- Crawled caption data
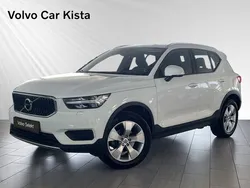Vit Begagnad 2022 Volvo XC40 Momentum SUV | 289 900 kr (Superpris)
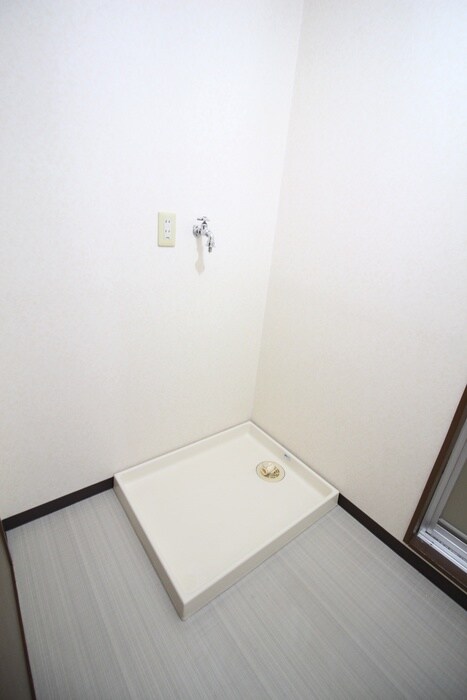 物件内観写真18　(洗濯機置場)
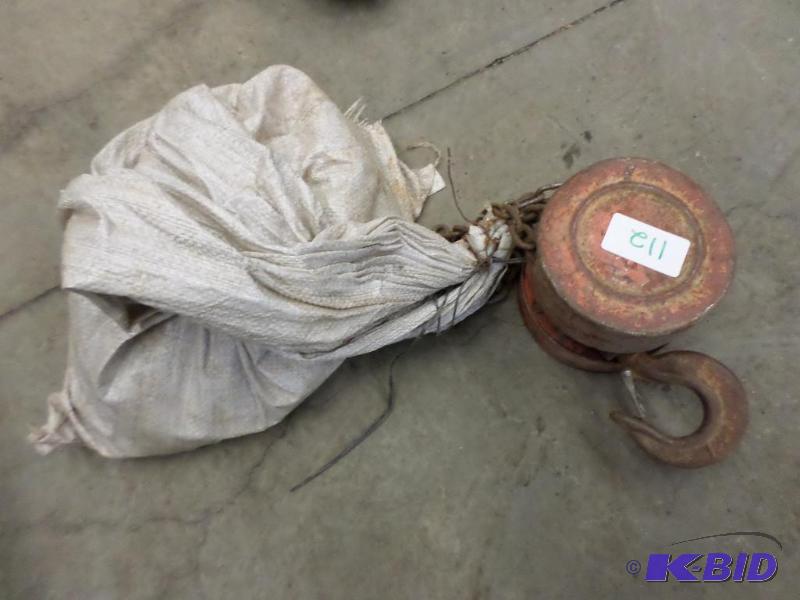 lot 112 image: CM 1-Ton Chain Hoist...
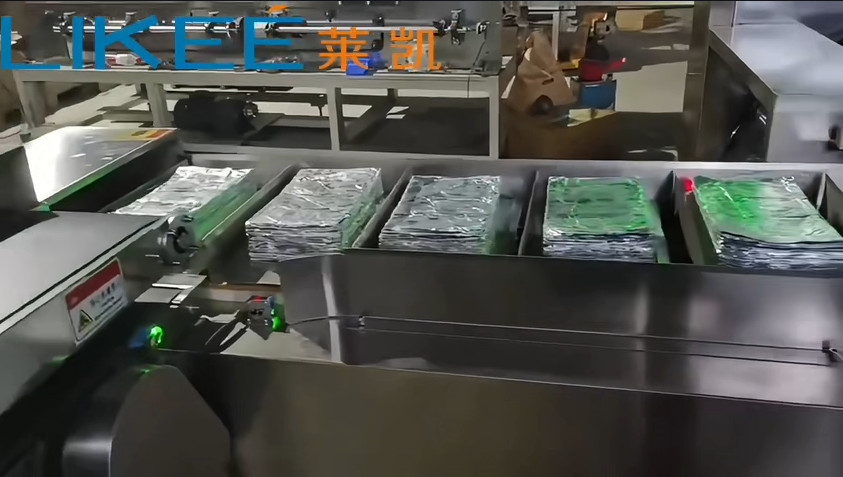 10-50 Boxes/min PLC Controlled Aluminum Foil Automatic Packing Machine For Carton Box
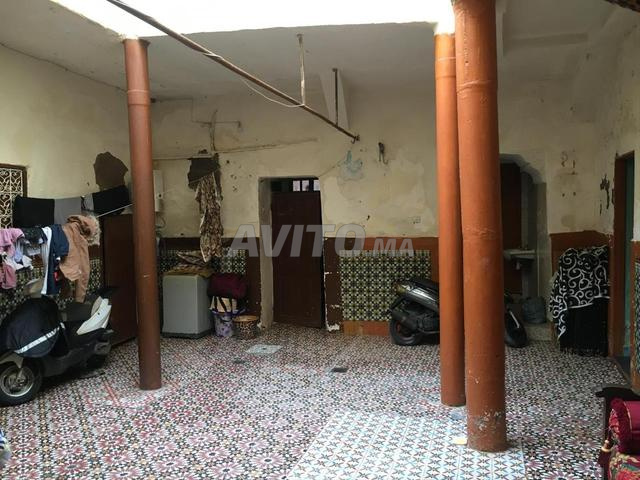 Vente d'une Riad avec plusieurs chambres, salons et toilettes.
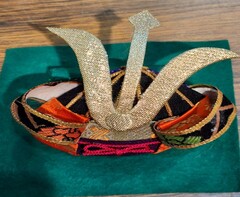 貝殻で作ったかぶとの写真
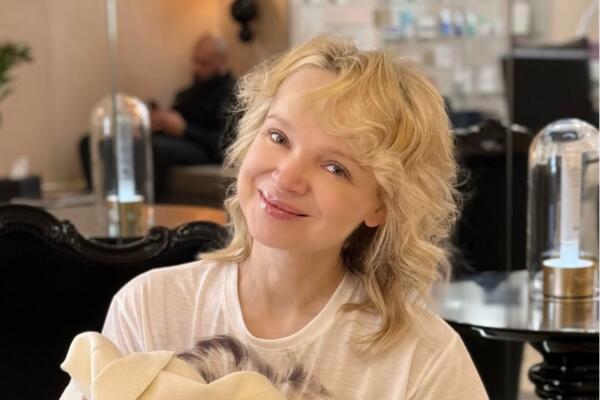 Цымбалюк-Романовская показала лицо дочери и раскрыла ее отчество — все ищут сходство с Джигарханяном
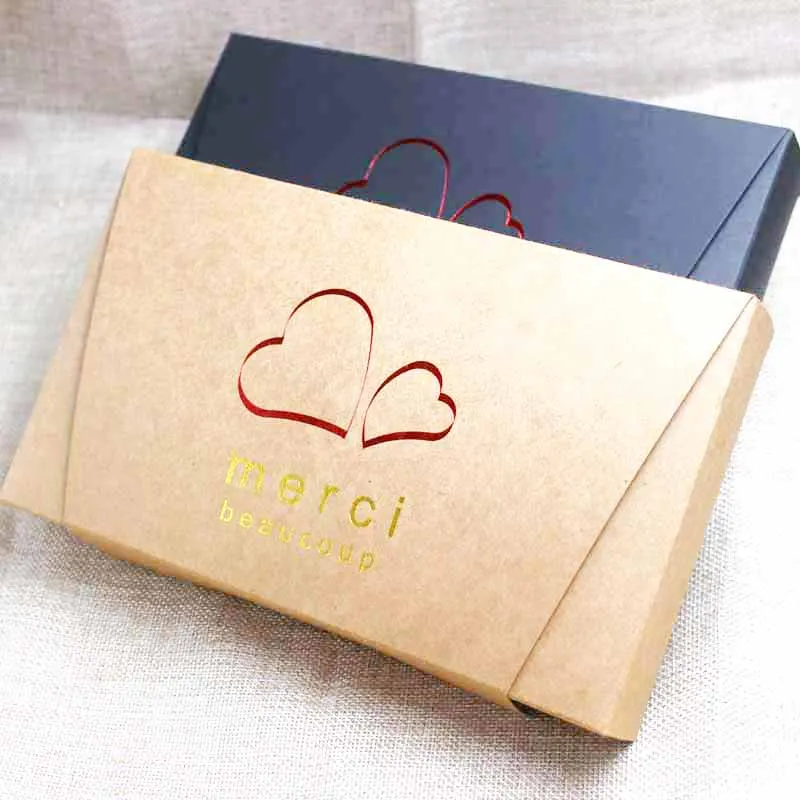 New DIY black/kraft gift box gold foil red heart gift soap package.cardboard wedding favor candy display paper box 30pcs per lot
New DIY black/kraft gift box gold foil red heart gift soap package.cardboard wedding favor candy display paper box 30pcs per lot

- Work item
Every line from the one holding "貝殻で作ったかぶとの写真" through the end of the records above must be reproduced verbatim, pictures excepted.

- Response to this task
 貝殻で作ったかぶとの写真
 Цымбалюк-Романовская показала лицо дочери и раскрыла ее отчество — все ищут сходство с Джигарханяном
 New DIY black/kraft gift box gold foil red heart gift soap package.cardboard wedding favor candy display paper box 30pcs per lot
New DIY black/kraft gift box gold foil red heart gift soap package.cardboard wedding favor candy display paper box 30pcs per lot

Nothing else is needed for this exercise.